Questa speciale appendice culturale nasce sulla scia del grande successo registrato dalla XXVI Mostra mercato nazionale del libro antico e della stampa antica a Palazzo Vitelli a Sant’Egidio. L’evento si è inserito nel ricco calendario delle celebrazioni per gli ottocento anni dalla morte di San Francesco d’Assisi, offrendo a visitatori, studiosi e fedeli un’occasione unica di riflessione spirituale e approfondimento storico nel territorio umbro.

L’iniziativa espositiva ha rappresentato un traguardo di eccezionale rilievo perché ha permesso il superamento delle tradizionali barriere della clausura monastica.

Come spiegato da Suor Chiara Veronica Sebastiano, Abbadessa e Presidente della Fondazione Santa Veronica Giuliani ETS, i monasteri sono da sempre scrigni di fede e cultura che rischiano di rimanere inaccessibili. Grazie a questo progetto, fortemente voluto dalla comunità monastica, è stato possibile aprire le porte del luogo in cui Santa Veronica Giuliani visse per cinquant’anni, lasciando un’impronta indelebile di misticismo.

La mostra ha esposto testi, agiografie, scritti e documenti inediti che arrivano fino al 1860, anno che segna la dolorosa soppressione degli ordini religiosi in Umbria.

I materiali inestimabili esposti nelle teche sono giunti al chiostro direttamente dall’archivio storico del Monastero di Santa Veronica Giuliani e dalla preziosa collezione privata dell’avvocato Paolo Tiezzi. L’itinerario espositivo si è arricchito con incisioni antiche e raffinati acquarelli raffiguranti i luoghi francescani più significativi dell’Alta Valle del Tevere.

Come evidenziato dagli organizzatori e dal curatore della rassegna, Giancarlo Mezzetti, i volumi e le biografie in mostra non hanno celebrato soltanto un glorioso passato di fede: essi costituiscono la testimonianza tangibile di un passaggio di consegne spirituale tramandato nei secoli da donne straordinarie che hanno scelto di abbracciare il Vangelo seguendo l’esempio di San Francesco e Santa Chiara d’Assisi.

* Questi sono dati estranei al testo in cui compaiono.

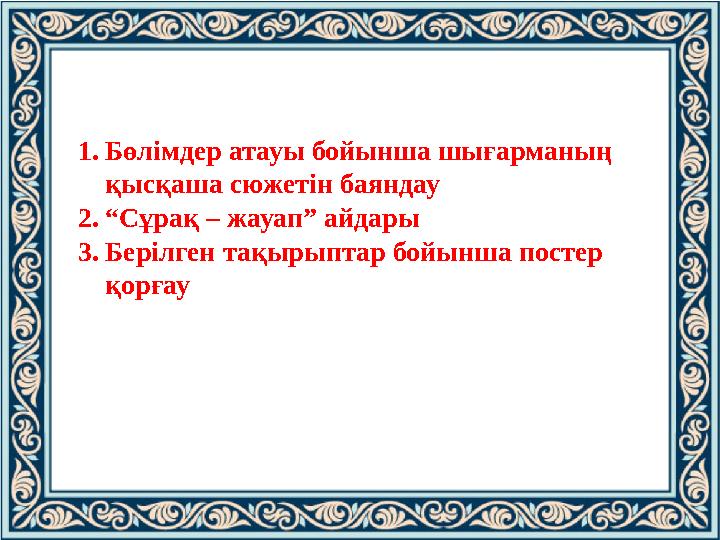 1.Бөлімдер атауы бойынша шығарманың қысқаша сюжетін баяндау 2.“Сұрақ – жауап” айдары 3.Берілген тақырыптар бойынша постер қор 1.Бөлімдер атауы бойынша шығарманың қысқаша сюжетін баяндау 2.“Сұрақ – жауап” айдары 3.Берілген тақырыптар бойынша постер қор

L’inaugurazione ufficiale, tenutasi nel corso di un convegno intitolato «Donne di Dio tra silenzio e parola», ha visto la partecipazione della professoressa Alessandra Bartolomei Romagnoli, del Vicario Generale diocesano don Andrea Czortek, del Sindaco Luca Secondi, del Presidente della Mostra del Libro Antico Fabio Nisi e di tutto il Consiglio di Amministrazione della Fondazione Santa Veronica Giuliani ETS.

L’apertura straordinaria del Monastero ha permesso di valorizzare la fioritura di santità e autonomia intellettuale femminile nata nel solco della spiritualità francescana. L’esposizione ha accolto i visitatori offrendo un imperdibile viaggio nella memoria viva del territorio tifernate.